Building a deck takes careful planning and there are a number of steps to consider long before the post holes are dug and the deck’s foundation is established.
First things first. Visit your city hall’s building department. Tell them you’re interested in building a deck and find out what the procedures are to begin the process. Not all villages are the same, so don’t make any assumptions until you’re up to speed on your village’s building code requirements.
Keep in mind that you’re adding a structure to the foundation of your home, so your home’s tax assessment may go up since a deck is looked at as additional living space. The bright side is that your home’s value should increase, too.
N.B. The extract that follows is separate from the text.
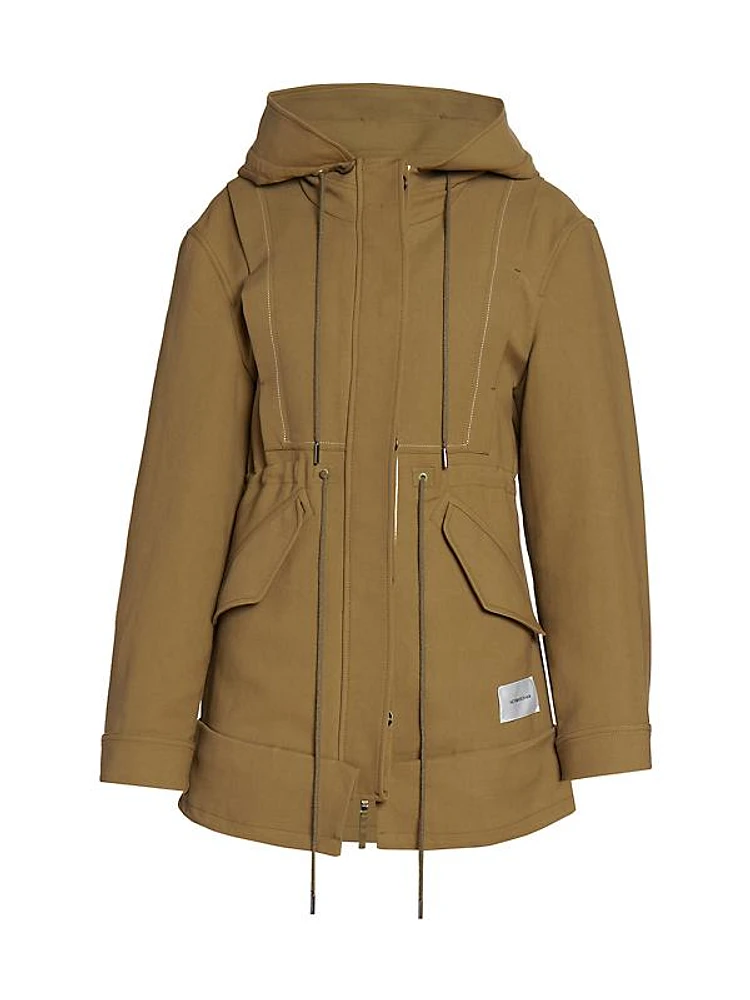 Twill Drawstring Parka Coat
Oak, Cedar, Redwood, pressure treated lumber or composite decking? There are plenty of good choices. Deciding the deck’s layout or selecting a set of plans requires careful thought. Home centers like Menards offer a variety of deck plans and styles. These plans come with comprehensive, easy-to-follow instructions as well as a materials list.
Don’t skimp on a good set of tools. A miter saw, circular saw, drill-driver or impact driver are indispensable. Menards’ new 18 volt MasterForce™ line with FlexPower™ technology allows you to choose any combination of battery power and performance. NiCad or lithium-ion, these cordless power tools are designed to work off either platform. Add with the 18V quick charge and, regardless of battery type, you’re at full power in 60 minutes, ready to tackle the next project.
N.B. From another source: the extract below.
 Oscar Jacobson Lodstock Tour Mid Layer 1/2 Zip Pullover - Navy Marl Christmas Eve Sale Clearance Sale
A miter saw and stand are what’s needed for cutting the deck planks. The circular saw is the go to tool for cutting the ends of the planks once they’re fastened in place. What’s nice about an impact driver is that all the tool’s force or torque is channeled to the deck screws or lag bolts, not your wrist or forearm. The MasterForce impact driver has 800 in. lbs of torque with up to 2,700 blows per minute (bpm), plenty of power to drive fasteners all day.
When it comes time for buying deck screws, choose galvanized or stainless ones for rust resistance.
Building a deck is not a weekend warrior project. More realistically, from start to finish, the project may take six to eight weeks. It takes time and careful planning, but before you know it you’ll be in your favorite deck chair sipping an iced tea and marveling at its completion.